• Work item: Your copy starts at the line containing "Wayne Gretzky Says" and ends at the last line below. Copy exactly, without pictures.

• Material provided:

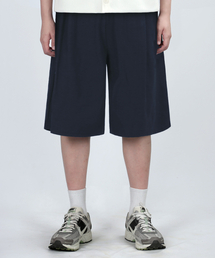 VERYVAIN（ベリベーン）の「LINEN BERMUDA PANTS (NAVY)（その他パンツ）」
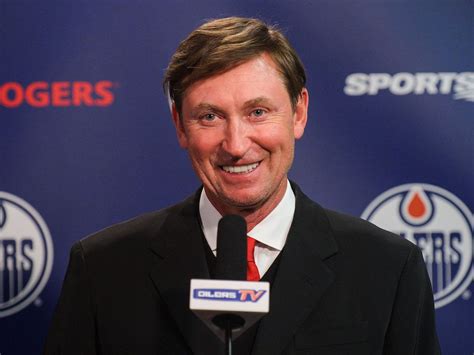 Wayne Gretzky Says He Hopes Connor Mcdavid Brings Edmonton Oilers A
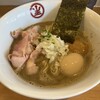 中華蕎麦 生る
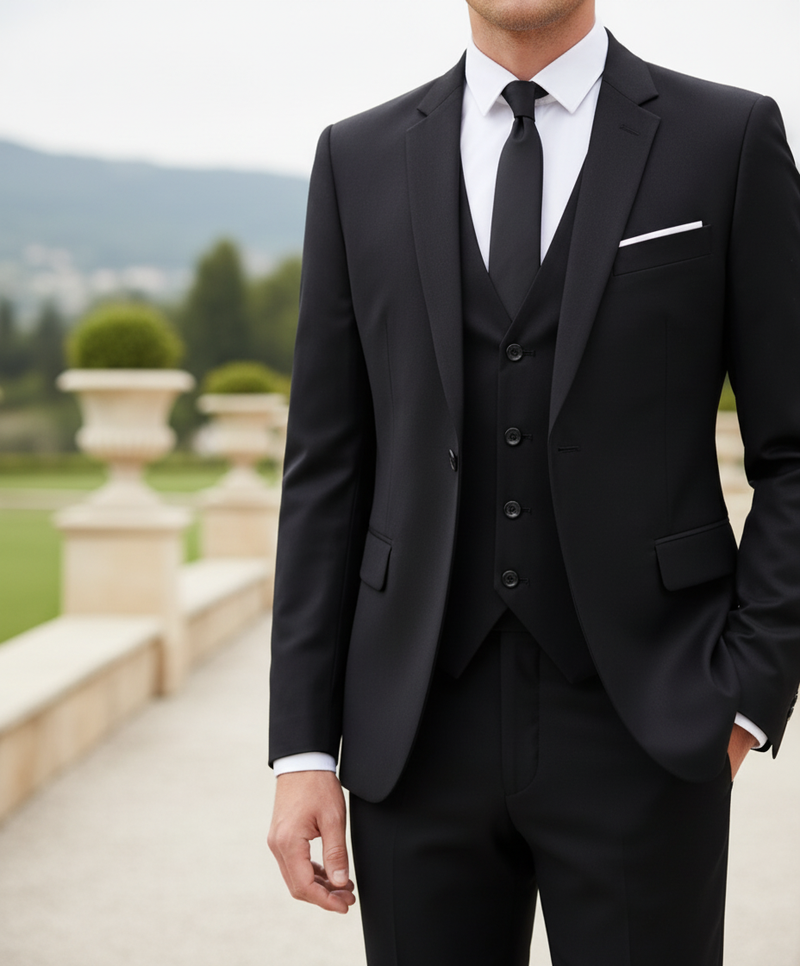 Dreiteiliger Anzug - Frederik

• Output of the task:
 Wayne Gretzky Says He Hopes Connor Mcdavid Brings Edmonton Oilers A
 中華蕎麦 生る
 Dreiteiliger Anzug - Frederik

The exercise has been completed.